Saat sampai disana, Bima memarkirkan skuter bututnya di area baseman. Ia naik ke atas ke tempat Elena berada. Bima melihat wajah-wajah yang tidak asing saat memasuki restoran tersebut. Disana ternyata sudah ada Elena dan tiga temannya yang lain, Diana, Raya dan Eva.

Mereka berempat sudah berteman sejak masih kuliah. Seluruh mahasiswa dari fakultas ekonomi pasti setuju jika empat sekawan itu dijuluki sebagai para bidadari. Mereka memiliki wajah yang sangat cantik. Namun sayang, tidak dengan hatinya.

Diana dan Raya saat ini sudah menikah dengan seorang pengusaha, sedangkan Eva dikenal memiliki hubungan spesial dengan salah-satu anggota kerajaan Inggris. Jika dilihat dari kehidupan asmara mereka, memang Elena sendiri yang kisah cintanya tak mujur karena sempat menikah dengan Bima.

Saat melihat ekspresi ketiga gadis itu, Bima pun tahu semua ini hanyalah jebakan.

“Aku tidak menyangka ternyata dia benar-benar datang,” ucap Diana dengan suara merendahkan.

“Dia memang seperti anjing peliharaan yang penurut. Tak perduli seberapa sering kau mencampakkannya, dia akan terus kembali padamu,” sahut Eva, diikuti dengan tawa merendahkan dari Raya.

“Memang laki-laki pecundang. Untung kau sudah mencampakkannya, Elena. Jika tidak, hidupmu akan selalu sial hahaha ….,” para gadis itu terus tertawa dengan puas.
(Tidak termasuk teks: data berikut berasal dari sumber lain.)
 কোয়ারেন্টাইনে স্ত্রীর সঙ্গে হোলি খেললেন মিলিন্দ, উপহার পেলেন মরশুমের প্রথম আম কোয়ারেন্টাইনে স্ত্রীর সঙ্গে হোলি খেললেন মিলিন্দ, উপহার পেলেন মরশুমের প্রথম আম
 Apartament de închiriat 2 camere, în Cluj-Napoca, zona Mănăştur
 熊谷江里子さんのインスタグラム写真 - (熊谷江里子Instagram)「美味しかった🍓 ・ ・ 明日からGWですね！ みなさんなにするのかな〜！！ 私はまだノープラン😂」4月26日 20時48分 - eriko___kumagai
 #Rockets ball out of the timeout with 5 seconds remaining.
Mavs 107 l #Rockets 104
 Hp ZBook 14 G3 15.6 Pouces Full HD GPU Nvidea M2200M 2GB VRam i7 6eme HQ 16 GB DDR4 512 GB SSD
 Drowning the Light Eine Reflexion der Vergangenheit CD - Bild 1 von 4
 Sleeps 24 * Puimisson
Elena yang melihat itu nampak tersenyum penuh kemenangan. Sekali lagi ini membuktikan semua teorinya tentang Bima. Pria itu belum juga melupakannya meski sudah dibuat babak belur.

“Aku tidak menyangka bahwa kau benar-benar datang kemari, Bima,” kata Elena. Ia memandang penampilan Bima yang tidak berubah seperti saat mereka masih bersama. Masih sama saja seperti seorang gembel.

“Apa maksud semua ini?” Bima merasa seperti dibodohi.